Y es que, lo sabemos, el primer efecto de la injusticia es la verdad. Y por eso aquí, ahora, y cada día mientras estén en la prisión, hay que recordar que Jordi Cuixart, Jordi Sànchez, Oriol Junqueras y Joaquim Forn no son criminales ni delincuentes, sino muy buena gente y hombres de bien, que no han cometido ningún delito de los que han inventado ad hoc y contra toda prueba los autos del Supremo y que ellos han hecho lo que han hecho como representantes, políticos electos y legítimos los unos y ciudadanos los otros, de la ciudadanía representada democráticamente en la mayoría parlamentaria. Hay que decirlo, explícitamente y de forma clara: encarcelándolos a ellos, se encarcela la voluntad política de más de dos millones de ciudadanos libres.
El Estado español está persiguiendo de manera fanática, con un odio patológico y enfermizo, destruir el movimiento independentista. Y sin embargo este supera ya los dos millones de personas si se cuentan los votos de las últimas elecciones.

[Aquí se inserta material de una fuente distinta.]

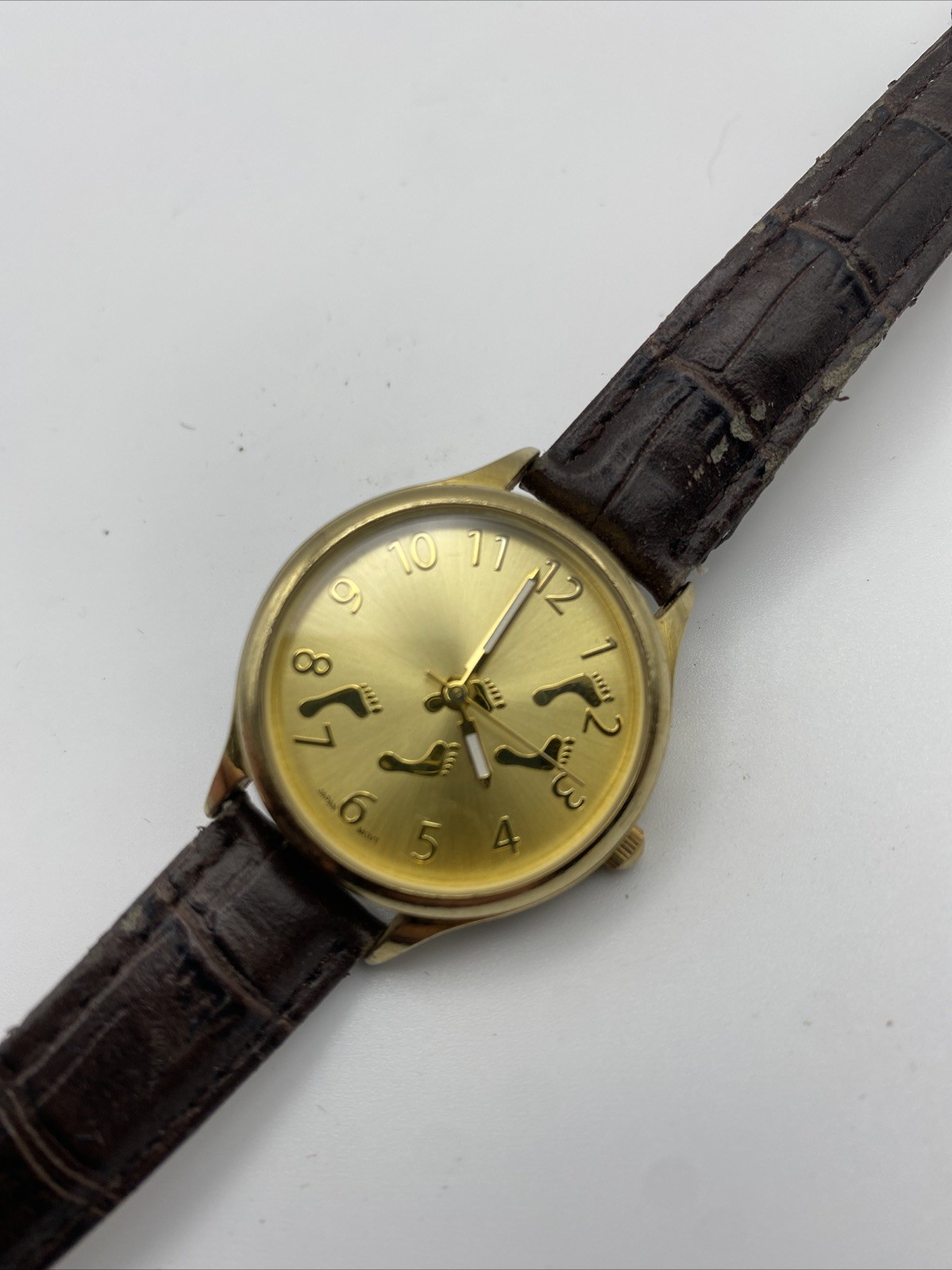 Women’s Footprints in the Sand Proverb Gold Tone Christian Watch New Battery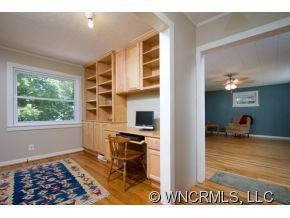 306 Turnpike Road - Photo 4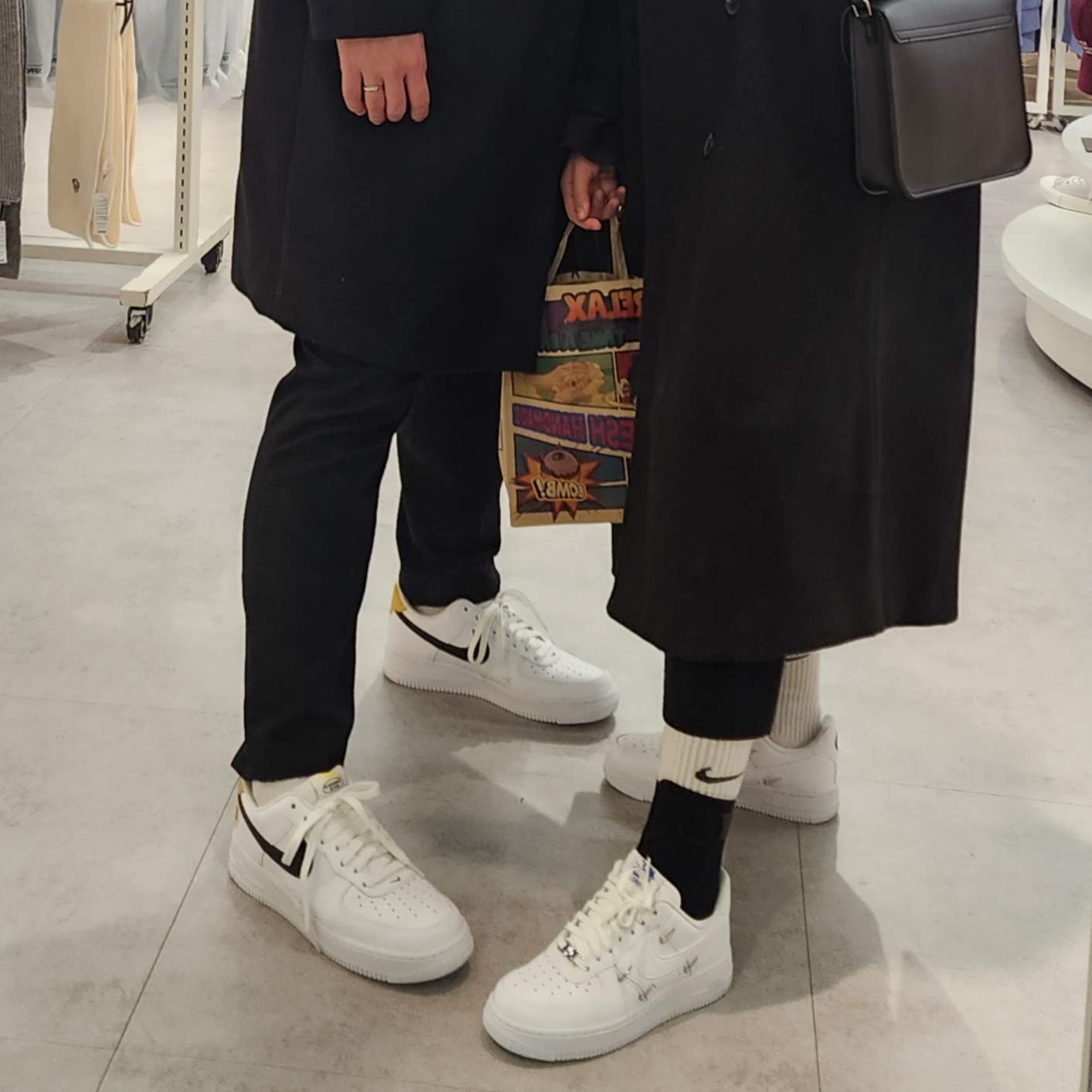 (W) Nike Air Force 1 Low '07 LX Chrome Luxe, Nike Air Force 1 '07 LV8 2 Have a Nike Day 착용 스타일 - 3
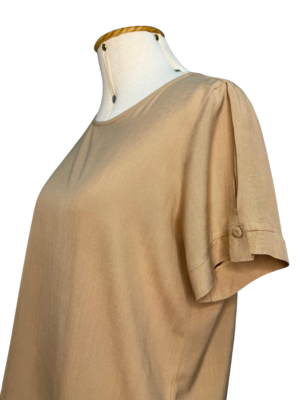 BLUSA COM BOTÃO NA MANGA - BEGE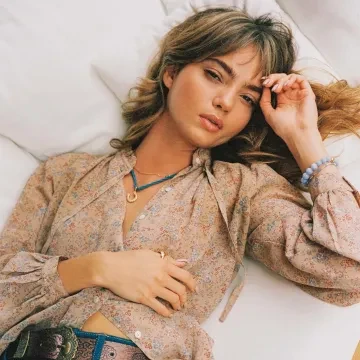 ANNI LU Armbånd til Dame udført i Messing i en flot Blå farve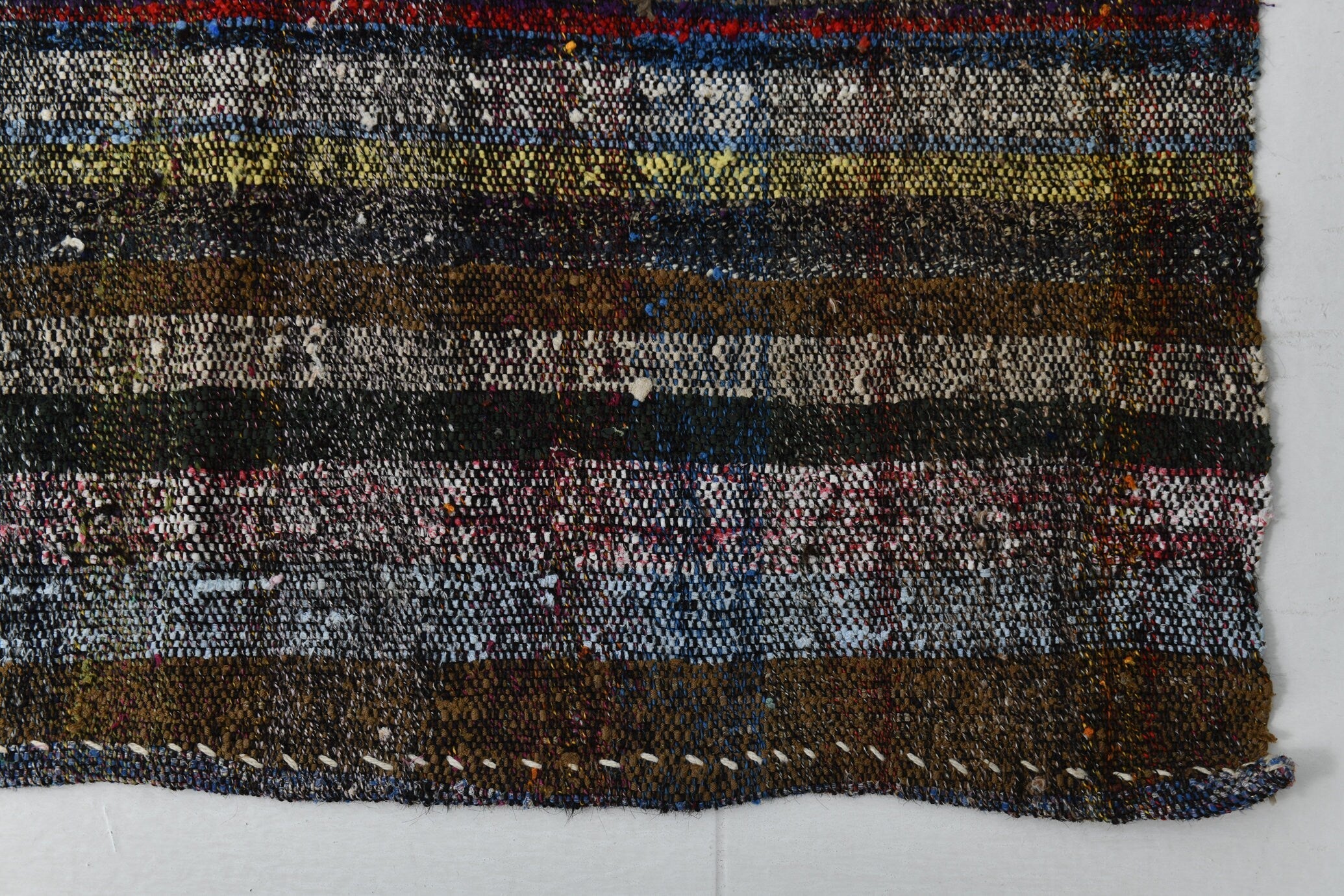 Vintage Kilim 3'9" x 8'11" ft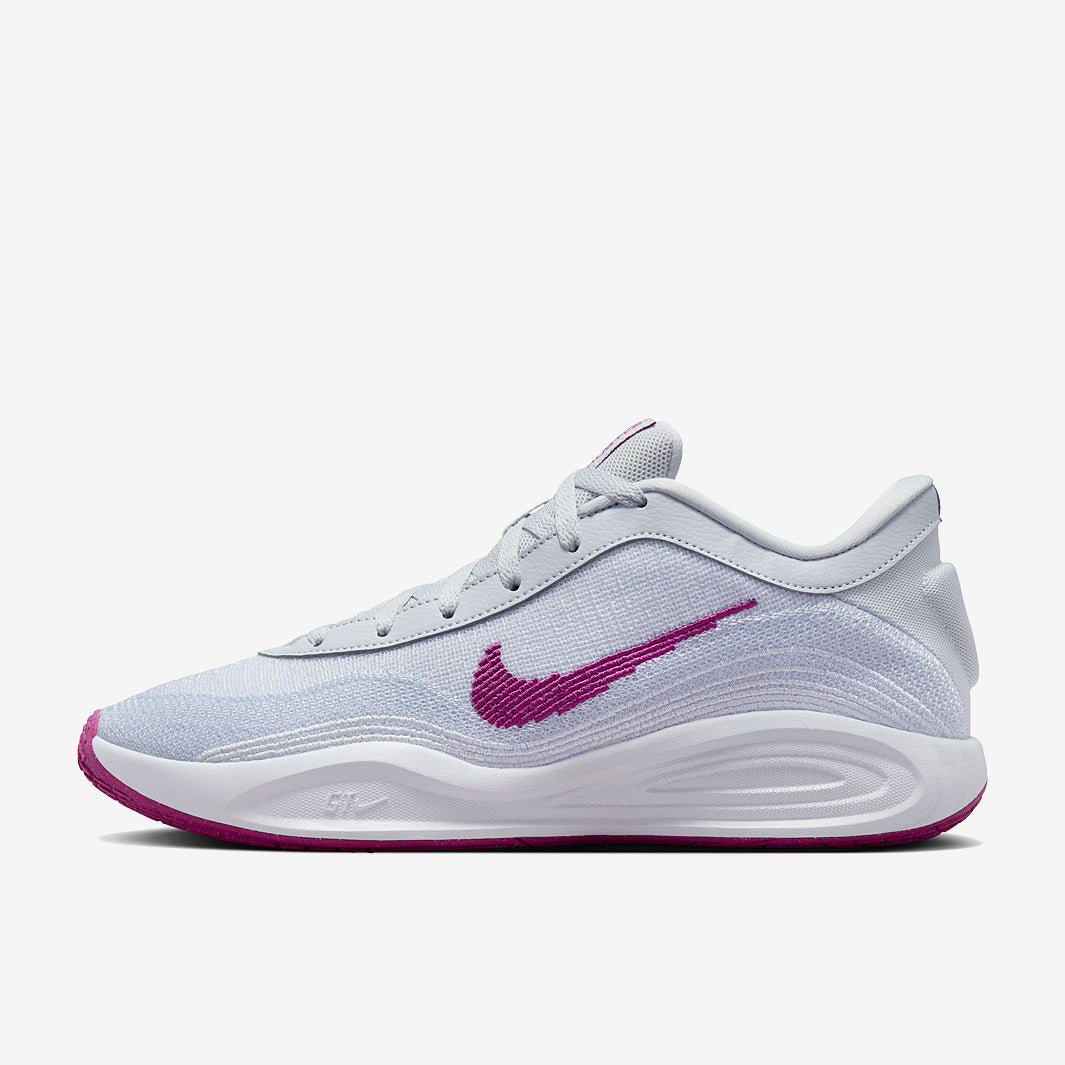 Nike G.T. Hustle Academy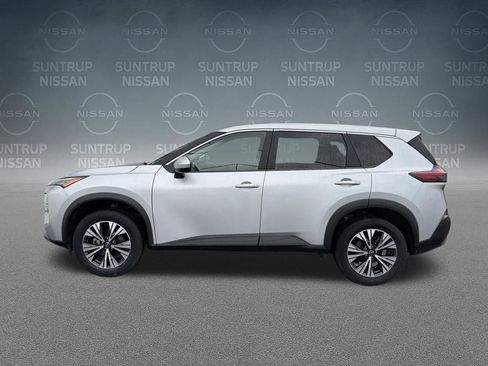 Used 2023 Nissan Rogue SV image 20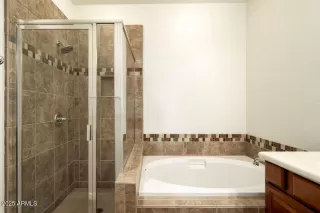 Photo #6: 6805022 Listing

El Estado español, con esta actitud, se ha metido en un callejón sin salida. Hasta que Jordi Cuixart, Jordi Sànchez, Oriol Junqueras y Joaquim Forn estén en su casa y con sus familias, en las plazas y calles de Catalunya se seguirá reclamando y exigiendo, del Estado español, libertad para los presos políticos injustamente y arbitrariamente encarcelados. Por decencia y por dignidad.